Over the last few years, we have seen the rise of Big Data in SMAC (social, mobile, analytics, and cloud) domain. The following excerpt talks about another parallel concept called “Big Service.”
“Big Service” is a paradigm of handing a stream of services through a pipeline processing engine. The following are the core parts of this architecture.
Data Processing pipeline
The “Big Service” is meaningless without “Data.” So, the following concept describes how this paradigm will work with its various nuts and bolts focusing on a registry and discovery platform called “Service Cloud” and a three-layer data processing engine which uses this cloud platform.

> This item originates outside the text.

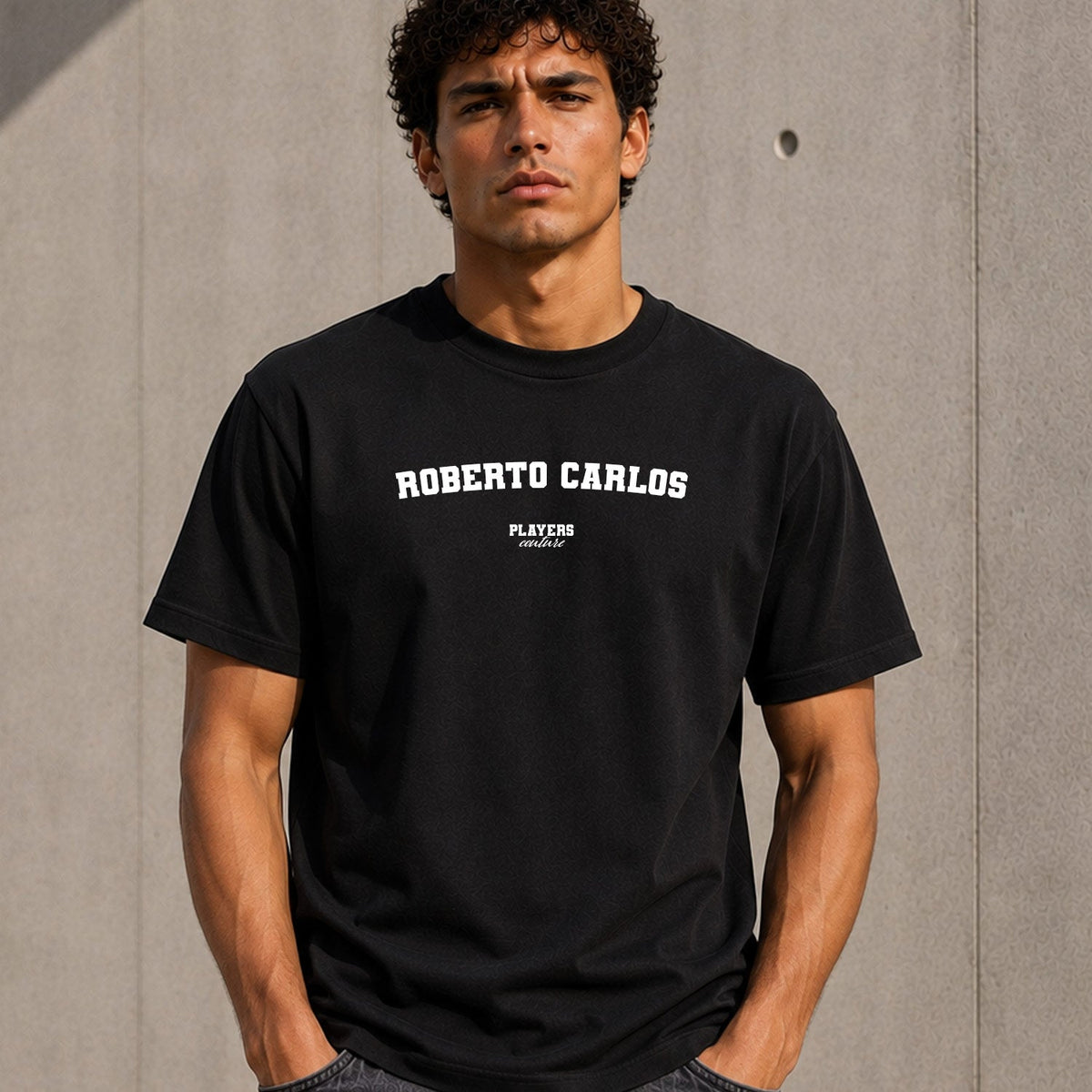 Roberto Carlos Men's T-Shirt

Service streams represent a service current paradigm where a continuous flow of service information passes through the pipeline. The service definition and metadata are within a data container. The data container hides the complexity and low-level details of streaming information. They can pass as a simple XML or JSON based structure over HTTP protocol. The service stream knows what are the services need to be executed and in which order as well what actions need to be taken when any service call fails. They contact the service registry where all the services keep the metadata. This is an integral part of the data processing platform and resides in the Service Cloud. The Service Cloud is an on-premise deployment of all the microservices. It promotes containerization of low-level/granular services. The purpose of service stream is to aggregate invocation of several related services to perform transactional or non-transactional operations. The service stream can also understand and co-relate among related and dependent microservices. The ingestion layer acts as the orchestration platform to bring all the required information together and pass that onto the data processing pipeline which acts as the filtering layer to send information to the interested parties. A typical example will be an eCommerce system passing the product information to the Data dynamics layer which reads and understands the complexity of the data and then pass it on ingestion layer which may call a product review service on Service Cloud to get the review and then aggregates data. At the end, it posts the information on data processing pipeline which mentions who all are the interested parties for such information. The sink system can be a message broker like Kafka or an enterprise system like a CRM system.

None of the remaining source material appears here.